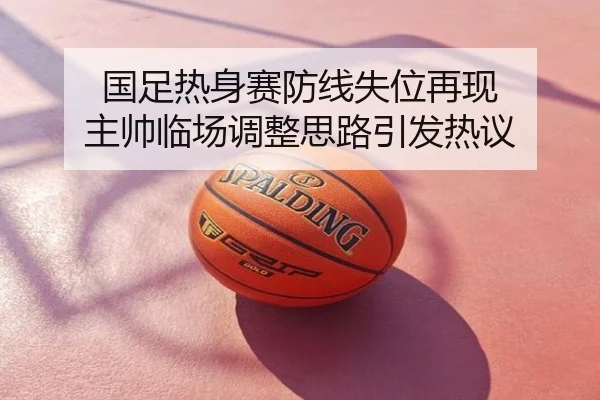 国足热身赛防线失位再现 主帅临场调整思路引发热议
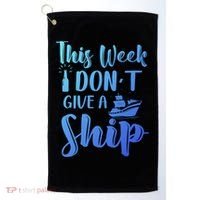 This Week I Dont Give A Ship Cruise Trip Summer Cruising Cool Gift Golf Towel thumb 0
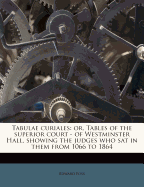 Tabulae Curiales: Or, Tables of the Superior Court - Of Westminster Hall, Showing the Judges Who SAT in Them from 1066 to 1864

---*---

■ **Exercise brief**
Reproduce the data exactly, please, and omit its pictures.

■ **Reply to the task**
 国足热身赛防线失位再现 主帅临场调整思路引发热议
 This Week I Dont Give A Ship Cruise Trip Summer Cruising Cool Gift Golf Towel thumb 0
 Tabulae Curiales: Or, Tables of the Superior Court - Of Westminster Hall, Showing the Judges Who SAT in Them from 1066 to 1864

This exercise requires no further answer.